SPU’s John Perkins Center Helps Students Bring Learning to Life

By Hope McPherson ( | Photo by Mike Siegel

Tyler ScottTyler Scott connected with the King County Prosecuting Attorney's Office through SPU's John Perkins Center.

"Who here is 19 years old?” the former inmate asked a roomful of teens. No one raised a hand. “That means I've spent more time in prison than you've been alive.”

“At that point, he had everyone's respect,” recalls Tyler Scott, a 2012 Seattle Pacific University graduate and then intern with the King County Prosecuting Attorney's Office. “He was able to speak in an authentic manner to youth about when he was young in Seattle and had made mistakes that cost him 20 years of his life.”

As a political science major with a minor in reconciliation studies, Scott worked with SPU's John Perkins Center for Reconciliation, Leadership Training, and Community Development to find an internship that fit his academic requirements and his interest in the legal system. At the Prosecuting Attorney's Office, he was assigned to its new 180 Program — designed to help divert youth facing misdemeanor charges out of the criminal justice system.

Scott is one of many students to benefit from the network of relationships built by the Perkins Center with churches, nonprofits, companies, and government organizations. Founded in 2004, the Center is a partnership between SPU and John Perkins — internationally renowned reconciliation advocate — with the goal of equipping young urban leaders who will model reconciliation and contribute to “community health and wholeness.” For 10 years, the influence of the Perkins Center has grown, not only on campus and in the Pacific Northwest, but also in locales such as Jackson, Mississippi; South Africa; and Vietnam.

“We knew SPU's legacy was a wonderful fit with John Perkins' legacy,” says Tali Hairston, director of the Center. “Most people didn't realize that this son of African-American sharecroppers and a 120-year-old university had so much in common. We've proven that they do.”

Late last winter, Hairston took Scott to the King County Prosecuting Attorney's Office in downtown Seattle. There they met with Donnie Griffin, program manager of the 180 Program. Partnering with community members, the program invites eligible young adults facing misdemeanor charges to attend a community-based workshop where they hear from others who changed course after bad choices that often resulted in jail time. Charges are not filed against those young adults who attend.

Through his internship, Scott discovered that the collaboration between SPU's Perkins Center and the reconciliation studies program in the School of Theology provided a foundation for his future. He is now working full-time as a legal assistant for the Prosecuting Attorney's Office while applying to law school.

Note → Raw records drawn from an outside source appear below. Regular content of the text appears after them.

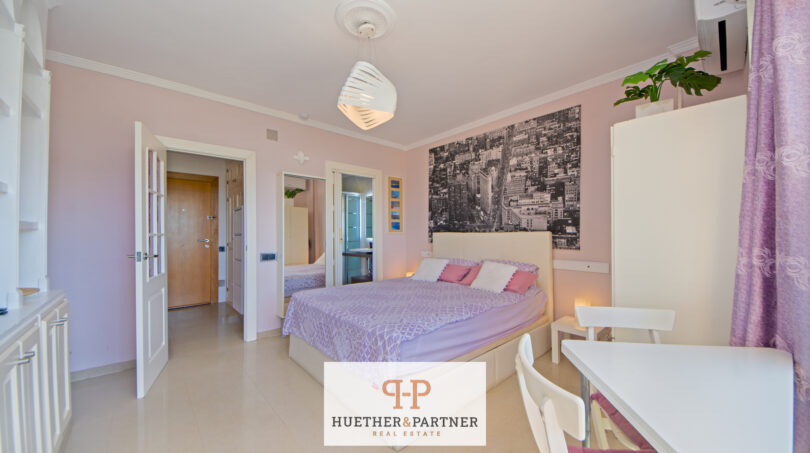 Helles Studio-Schlafzimmer in Cales de Mallorca mit Doppelbett, rosa Wänden und modernem Stadtbild-Wandbild.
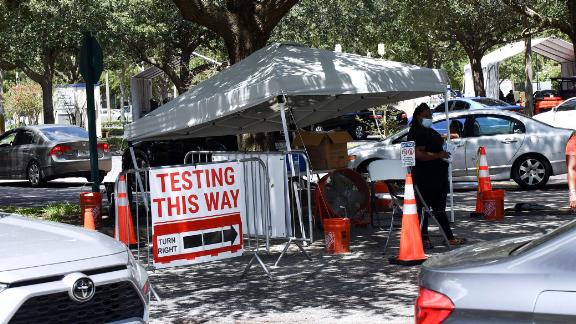 People wait at a testing and vaccination site in Barnett Park, Florida. One in five of all cases in the US are occurring in the state, White House officials say.
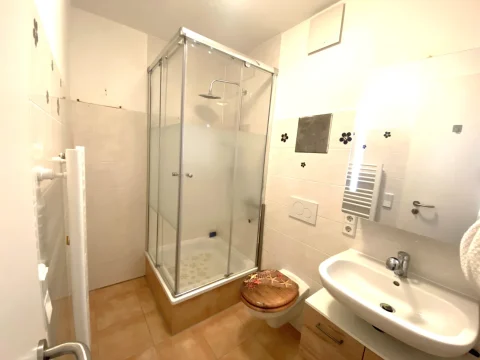 Modernes Duschbad: Eleganz und Funktionalität kombiniert Das Bild zeigt ein modernes Badezimmer mit einer Duschkabine, einem Waschbecken und einem Handtuchhalter. Die Duschkabine ist aus Glas und die Fliesen sind weiß mit dekorativen, blauen Mustern.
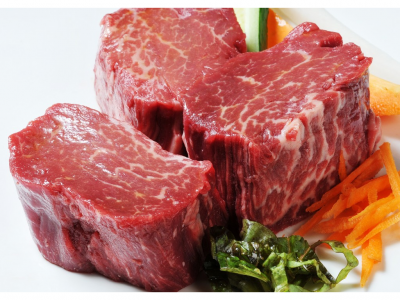 Carne vermelha crua com salada e legumes num prato branco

“Because of Tyler's training and the work he has done with the Perkins Center, he came to our office with a more advanced understanding of social justice measures and how those measures reflect on any system,” says Leesa Manion, chief of staff for the King County Prosecuting Attorney's Office. “While there was the tangible goal of diverting youth out of the system, he also understood there were intangible positives to the program, such as young adults empowered to believe they were better than the potential charges on a piece of paper.”

For Hairston, connecting students with opportunities for reconciliation work is a big part of what the Perkins Center is all about.

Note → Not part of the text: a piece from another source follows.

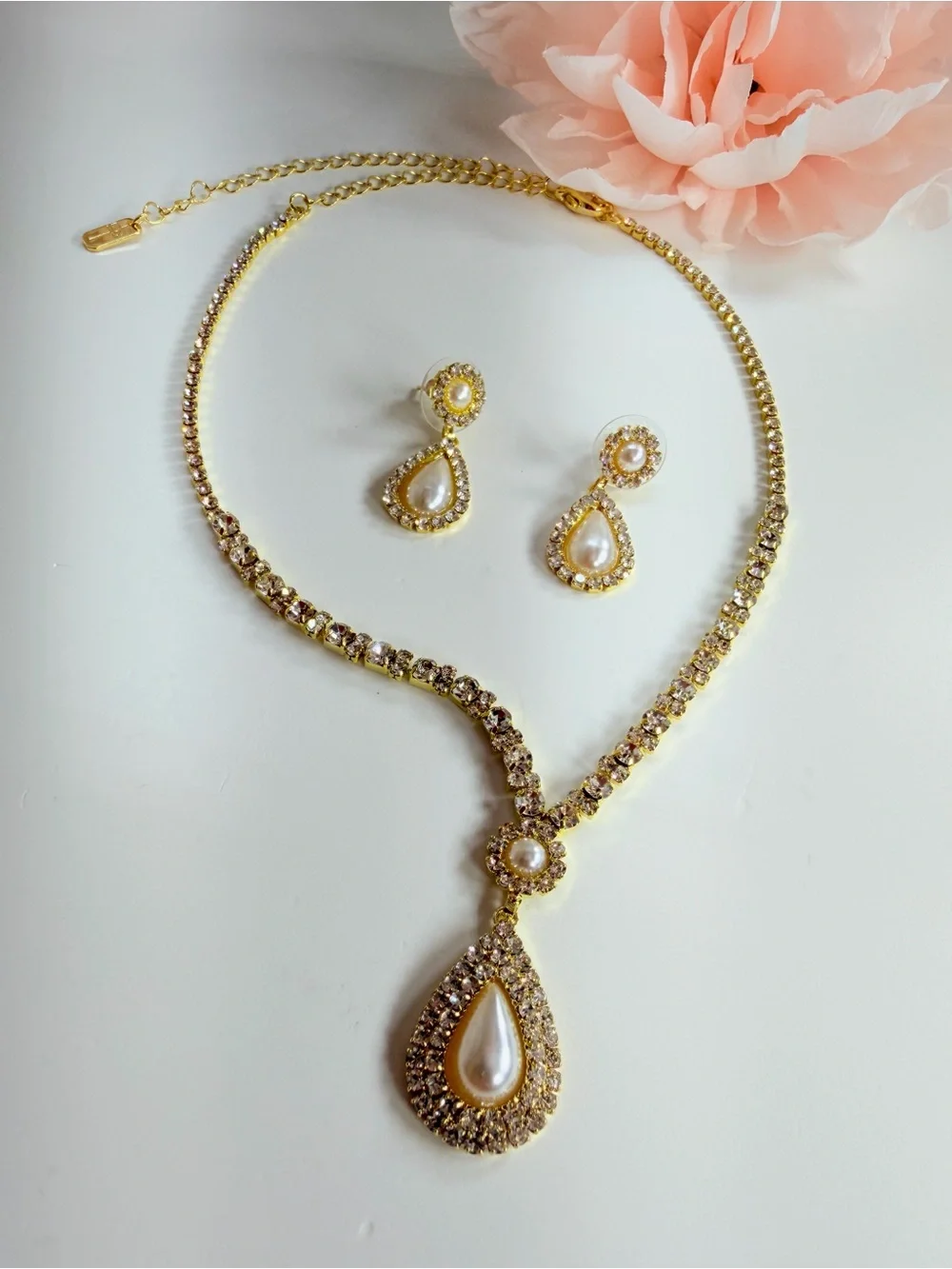Elegant gold-tone necklace with earrings featuring a white teardrop pearl pendan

“It's not like finding them a job at Microsoft,” he explains. “The internship for the reconciliation studies minor isn't about giving students technical knowledge about reconciliation, because they've covered that in class. It's about experiencing the work of reconciliation. Through internships, students are experiencing day to day what it's like to be reconcilers.”

It's a principle Scott understands. “For four years I studied theology and political science, and tried to learn how to do it from textbooks and the classroom,” he says. “But I needed to experience it to understand it more fully.”